# [Task description]
What you give back should be exactly the lines from the one with "15.06.2025 - 27." through the final line of the material, pictures removed; please add nothing.

===

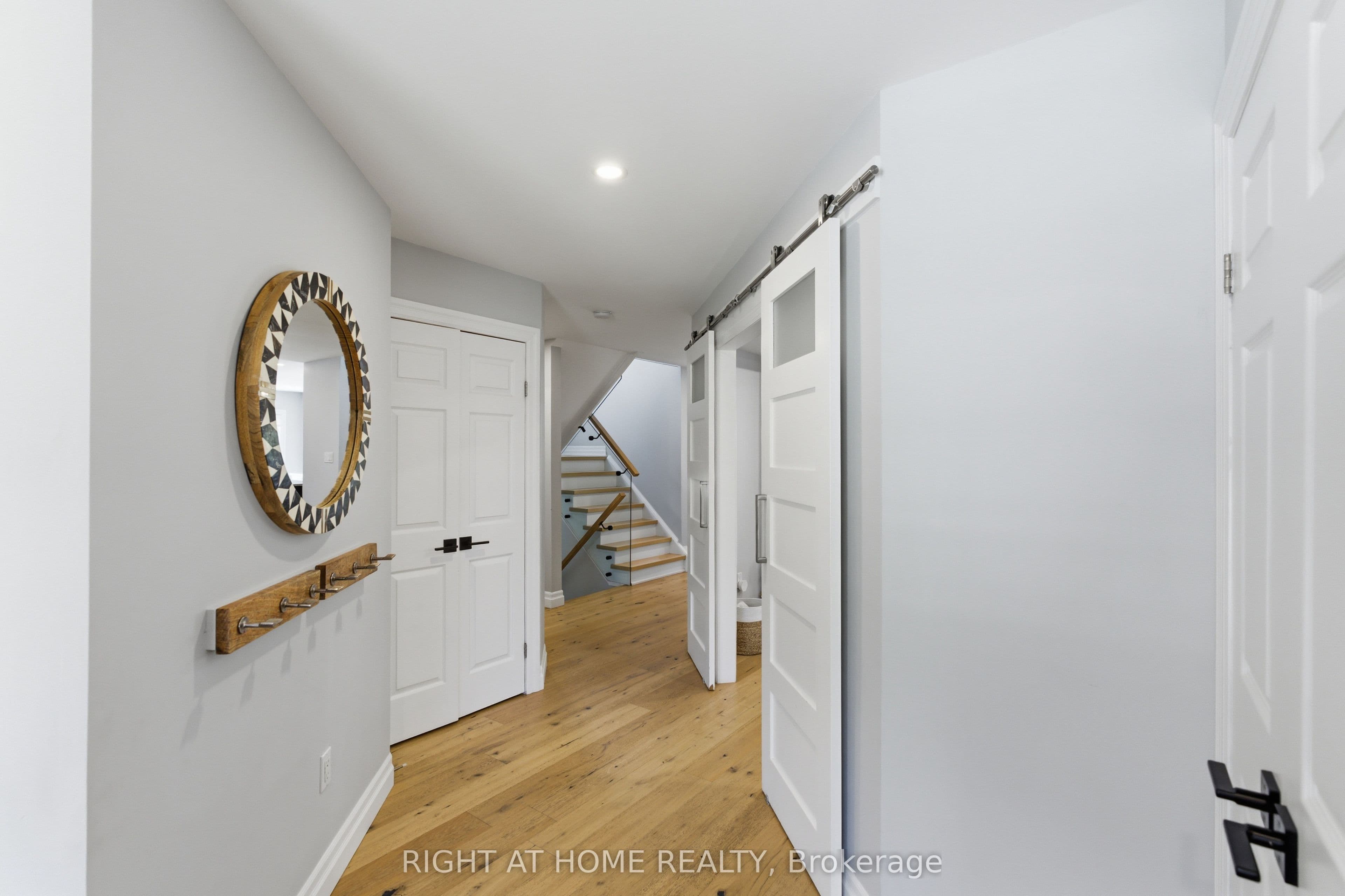 182 Mowat Crescent, Halton Hills, ON L7G 6A4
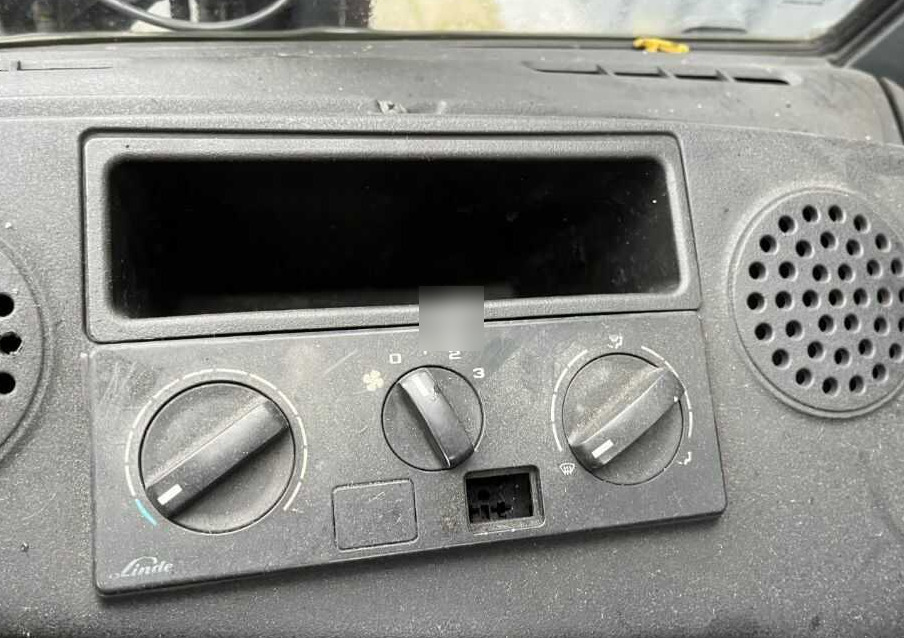 Linde H25D-02 - Forklift diesel: gambar 5 Linde H25D-02 - Forklift diesel: gambar 5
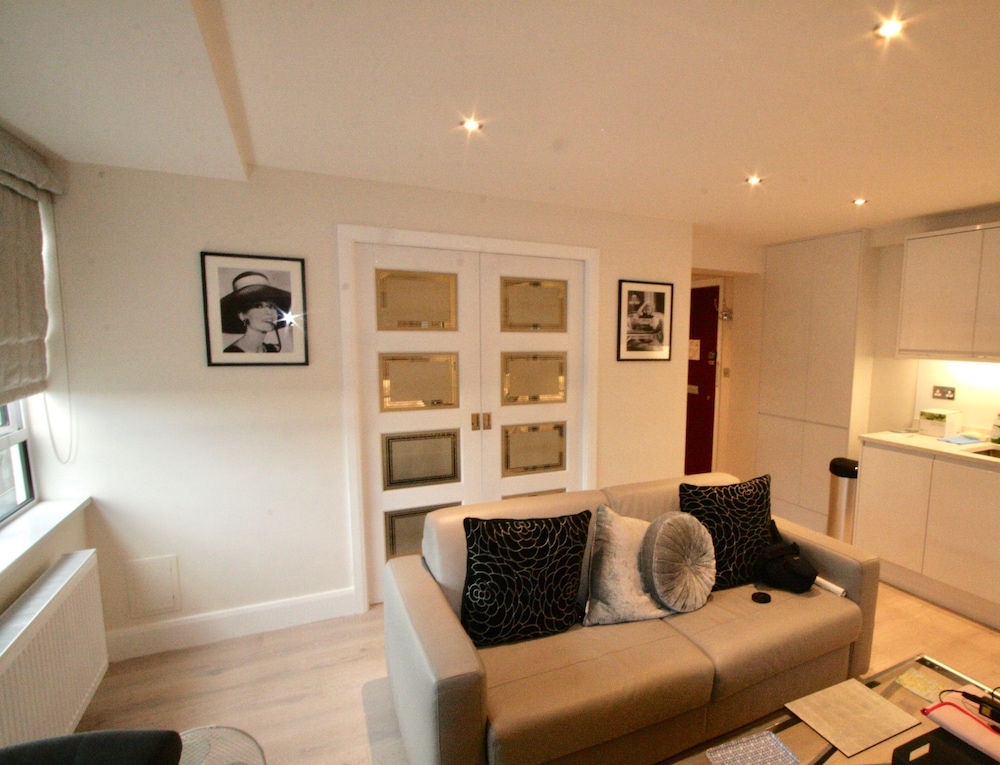 Nell Gwynn House Apartments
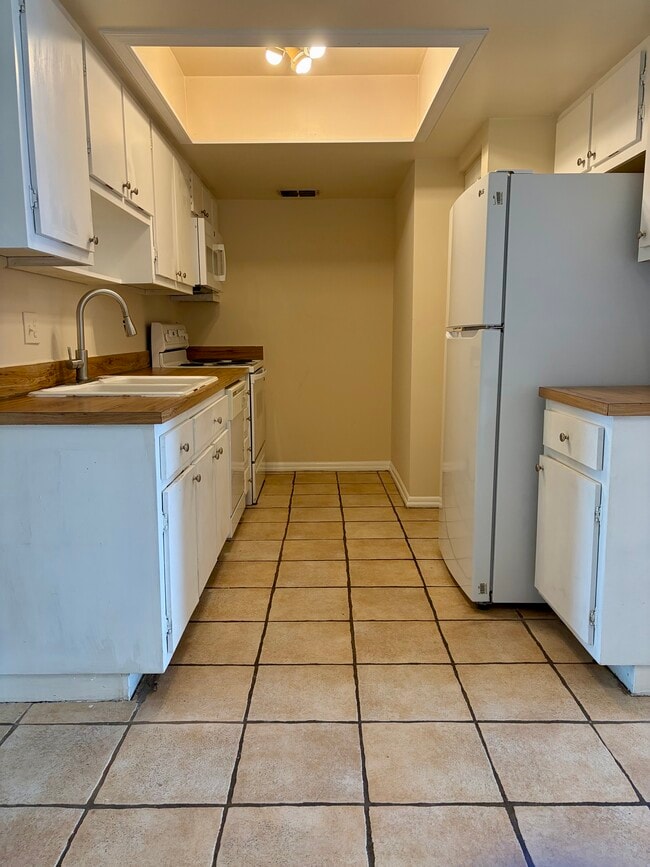 5169 Vineland Rd in Orlando, FL - Building Photo - Building Photo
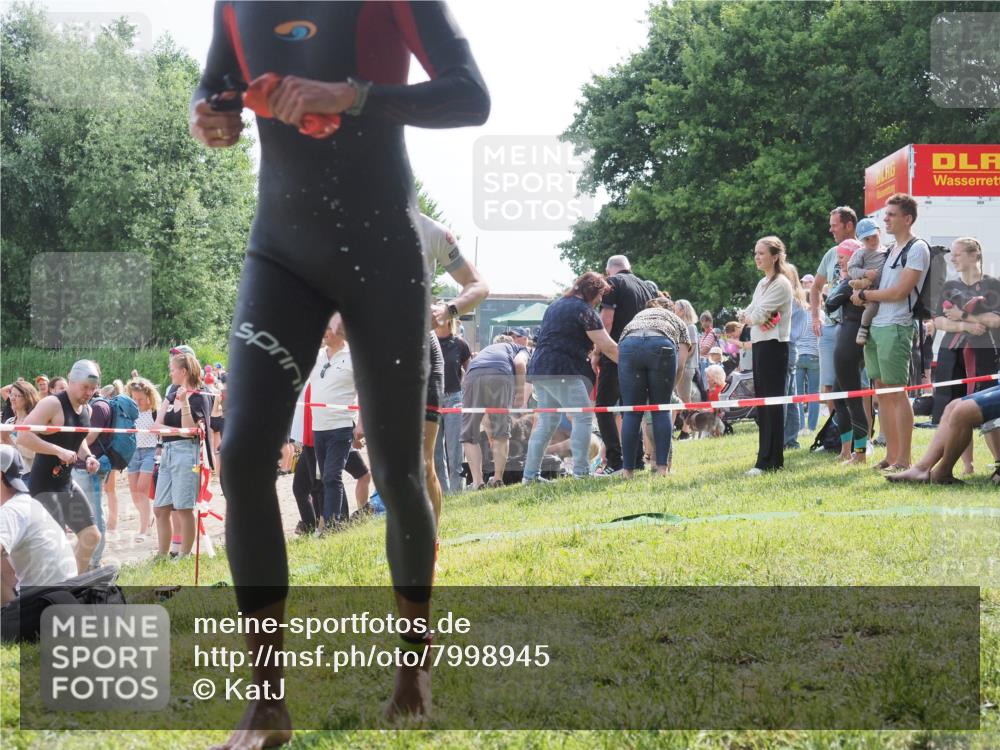 15.06.2025 - 27. Vierlanden-Triathlon KatJ http://msf.ph/oto/7998945 15.06.2025 09:56:15 Schwimmen 268, 277, 285, 314, 315, 323, 349, 357 meine-sportfotos.de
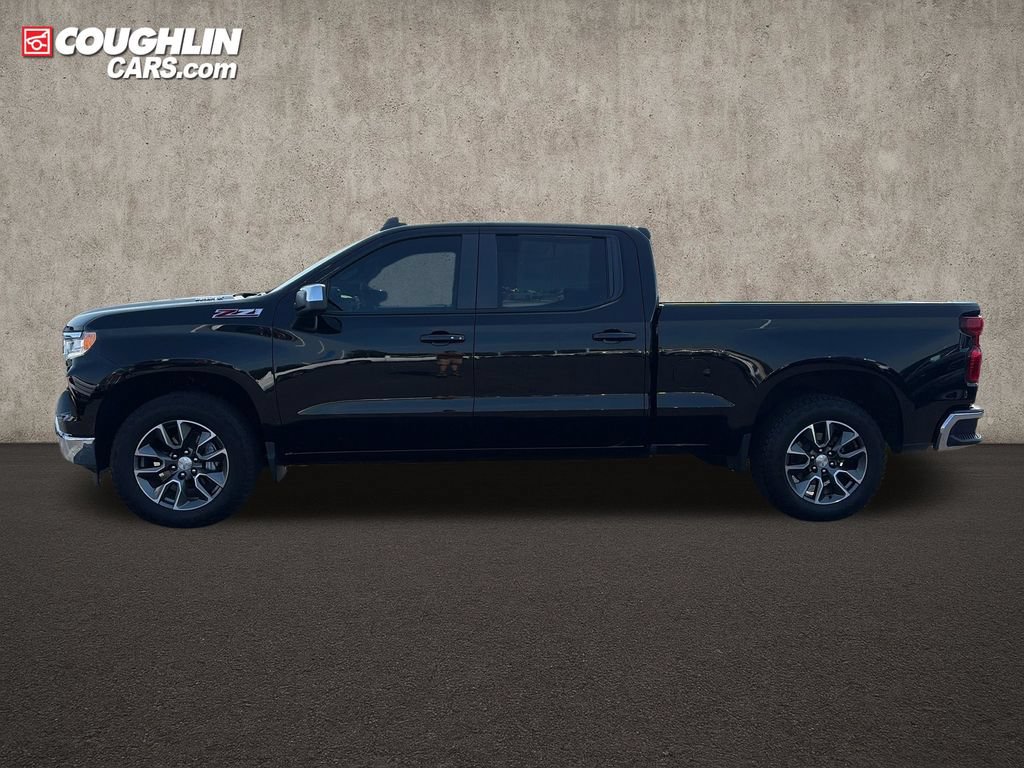 Used 2024 Chevrolet Silverado 1500 LT w/ Z71 Off-Road Package AWD/4WD image 6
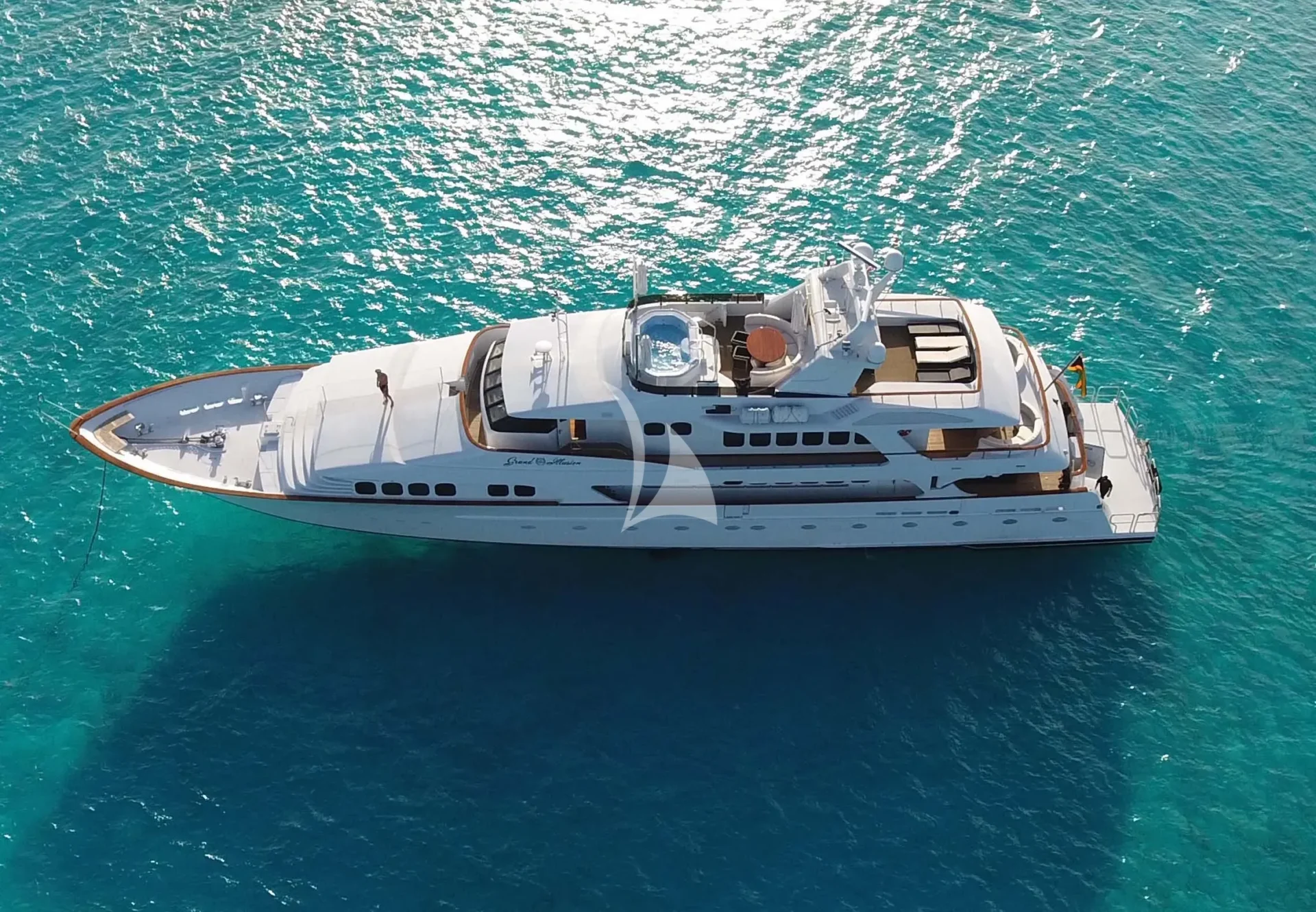 GRAND ILLUSION Charter Yacht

===

# [Solution for this task]
 15.06.2025 - 27. Vierlanden-Triathlon KatJ http://msf.ph/oto/7998945 15.06.2025 09:56:15 Schwimmen 268, 277, 285, 314, 315, 323, 349, 357 meine-sportfotos.de
 Used 2024 Chevrolet Silverado 1500 LT w/ Z71 Off-Road Package AWD/4WD image 6
 GRAND ILLUSION Charter Yacht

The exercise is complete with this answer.